After thirty years of considering comedies as but the mortar between his dramatic works, Goldwyn made them the building blocks of his career. He continued to develop movies about the fighting on each of the fronts, even one about the Army band; but over the next four springs, he produced only The North Star and five comedies. He began talking to reporters about the need for “escapist” pictures—to “give people an opportunity to forget for an hour and a half the troublesome and perturbed world we live in.”
Wartime Washington became a popular venue for motion picture plots. Basil Rathbone, in his sixth outing as Sherlock Holmes, cemented ties between the two English-speaking powers by solving a 1943 spy mystery there; Jean Arthur, Joel McCrea, and Charles Coburn made the most of the housing shortage in the nation’s capital that year in George Stevens’s The More the Merrier. And Sam Goldwyn bought a story from Leonard Spigelgass and Leonard Q. Ross called “The Washington Angle.” Its sinuous plot involved a bungling ex—foreign correspondent who tries to win back his job by cracking a spy ring. Goldwyn sent a draft of the absurd script to Charles MacArthur, hoping he could dress it up enough for Cary Grant—who had become Hollywood’s most debonair leading man.
“I happen to think that farce needs more solid foundation than comedy and the present structure seemed shaky to me and badly motivated here and there,” MacArthur wrote Goldwyn in refusing the project. He also questioned Goldwyn’s choice of casting. “My vote,” he said, “would be Bob Hope, because I think he can get away with more inconsistencies than Grant, whom I prefer to see.” Goldwyn completely rethought his movie by drawing a bead on the comic talent fast becoming the most popular in the world.

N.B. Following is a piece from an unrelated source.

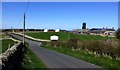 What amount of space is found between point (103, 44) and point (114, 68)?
1685cm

Goldwyn negotiated with Y. Frank Freeman, who ran Paramount, for the release of Bob Hope as the balance of payment on their Gary Cooper-Billy Wilder trade the year before. He hired a series of gag writers to plant punch lines throughout the script. Wishing some of the success of the recent Road to Morocco might rub off on him, Goldwyn also drafted that film’s director, David Butler, and the series’ leading lady, Dorothy Lamour. Austrian-born director Otto Preminger played the Nazi heavy, one of his few screen roles before embarking on a controversial directing career.
The film ended up being called They Got Me Covered. Its bang-up business softened the blow of the reviews, which mostly shifted the spotlight from the producer to the star.
Goldwyn could not resist developing another Hope picture, this time applying the “Goldwyn touch.” In order to get the most out of the $133,500 he was paying Paramount for twelve weeks of the star’s services, he intended to back him up with $2 million worth of Technicolor, fairytale art direction by Ernst Fegte (a German refugee Goldwyn called “Faggoty”), a rich score by David Rose, and plenty of pulchritude. He also invested heavily in the script, which was pulled together by Don Hartman, a forty-year-old collaborator on several “Road” pictures and the latest “genius” to join Goldwyn’s staff, as a writer and associate producer.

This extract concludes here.